[[ Dataset content open ]]

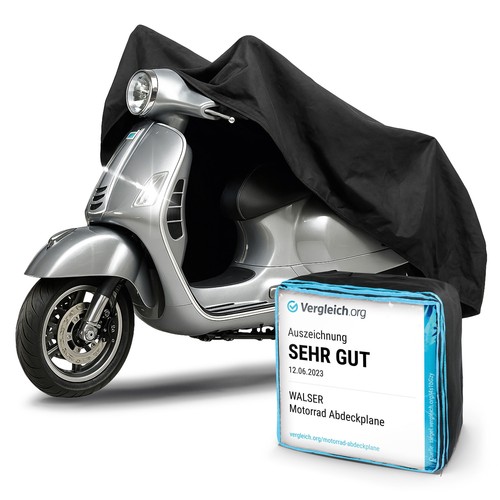 Motorrad abdeckplane aus pvc - abdeckplane,
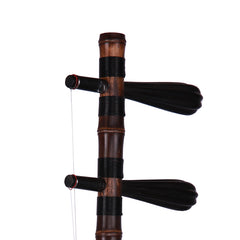 YueHai Model 701P Jinghu – Grade 2 Purple Bamboo with Zao Wood Pegs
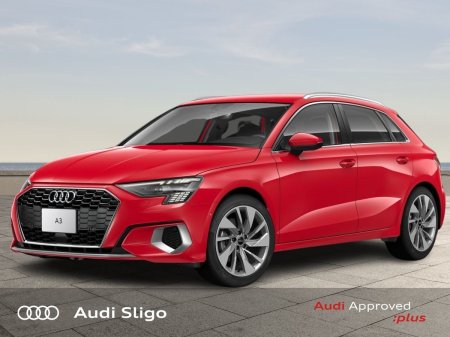 2021 Audi A3 Sportback 1st Edition 1.0L TFSI Auto
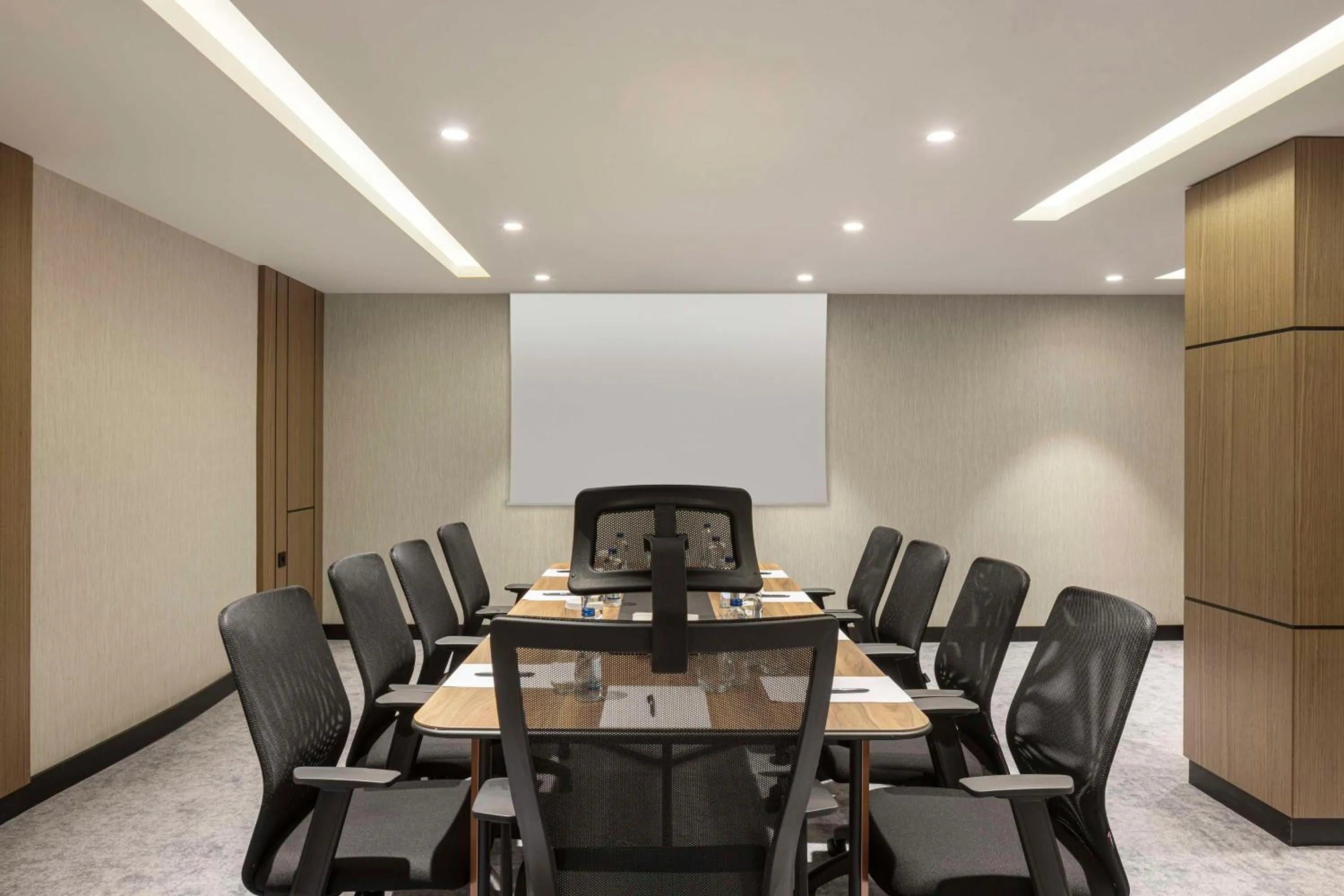 Meeting/conference room in Doubletree By Hilton Suites Trabzon Yomra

[[ Dataset content closed ]]

(What you have to do): Output the listing word for word. Drop the pictures.

(Result):
 Motorrad abdeckplane aus pvc - abdeckplane,
 YueHai Model 701P Jinghu – Grade 2 Purple Bamboo with Zao Wood Pegs
 2021 Audi A3 Sportback 1st Edition 1.0L TFSI Auto
 Meeting/conference room in Doubletree By Hilton Suites Trabzon Yomra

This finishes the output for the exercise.